La geotermia “delle basse temperature” utilizza il calore presente naturalmente sotto terra per il riscaldamento degli edifici.

La sorgente di calore sotterranea è raggiunta mediante sondaggi generalmente dell’ordine dei 100÷150 metri, profondità alla quale si hanno valori di temperatura attorno ai 12-13°C che -  benché apparentemente poco interessanti per il riscaldamento – non essendo influenzati dal clima  offrono il grande vantaggio di mantenersi  sempre costanti nel corso delle stagioni.

Il calore sotterraneo è dapprima veicolato in superficie: ciò può avvenire o tramite la circolazione continua di un fluido all’interno del sondaggio (sistemi geotermici “chiusi”) oppure mediante l’utilizzo diretto dell’acqua di falda tramite un pozzo (sistemi “aperti”). In ambedue i casi si sottrae calore al sottosuolo, che viene quindi raffreddato.

Una volta reso fruibile in superficie, il calore iniziale deve essere “innalzato” ad una temperatura abbastanza alta da potere essere usata per il riscaldamento; questo lavoro è svolto da una macchina detta “pompa di calore” funzionante con energia elettrica, in cui il caldo è ottenuto con lo stesso procedimento di ogni frigorifero domestico.

Il suddetto procedimento può altresì funzionare “al contrario” (sottosuolo riscaldato, pompa di calore invertita) per generare il raffrescamento degli edifici nel periodo estivo.

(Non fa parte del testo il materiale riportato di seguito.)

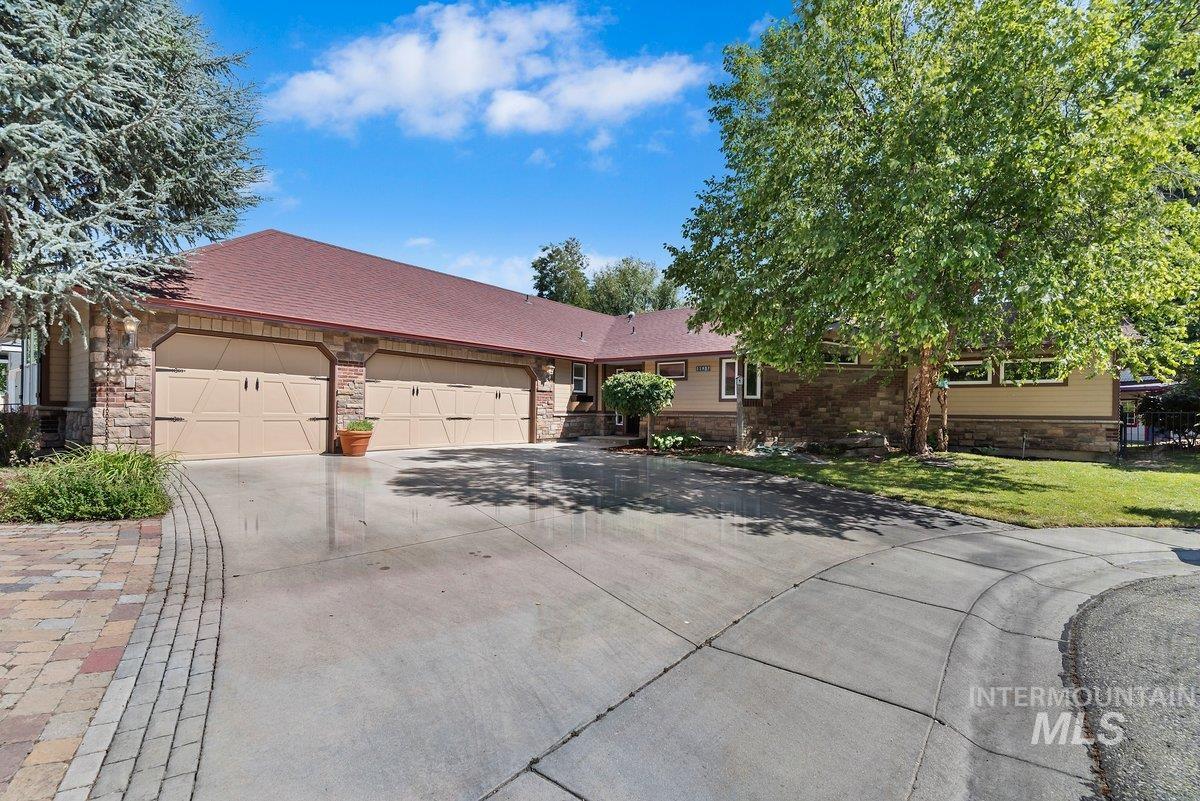 11937 W Driftwood Court, Boise, Idaho 83713, 3 Bedrooms, 2 Bathrooms, Residential For Sale, Price $575,000,MLS 98995721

La progettazione di un sistema geotermico implica, oltre a competenze termotecniche come nel caso di qualsiasi altro impianto, valutazioni preliminari di ordine ambientale e geologico, in quanto accanto agli indubbi benefici ambientali, legati soprattutto al non utilizzo di combustibili fossili, sussistono anche rischi legati a:

  • messa in comunicazione di diversi acquiferi a seguito delle perforazioni
  • variazioni incontrollate della temperatura del sottosuolo e/o della falda
  • rilascio nel sottosuolo di sostanze tossiche, potenzialmente presenti nel fluido di veicolazione del calore, a seguito di rottura accidentale dei tubi nel sondaggio

In merito a questi aspetti ARPA, su incarico della Regione, ha effettuato un apposito studio sull’applicazione della geotermia a “sistema chiuso“ sul territorio regionale, da cui è risultato che in generale la Valle d’Aosta si presta favorevolmente all’applicazione della geotermia, tuttavia è necessario prestare particolare attenzione nella progettazione e nel dimensionamento degli impianti in zone indicativamente al di sopra dei 1600 m s.l.m., ove può sussistere a causa delle temperature più rigide il rischio di gelo del liquido circolante nel sondaggio, che comporterebbe l’arresto e la rottura di tutto l’impianto.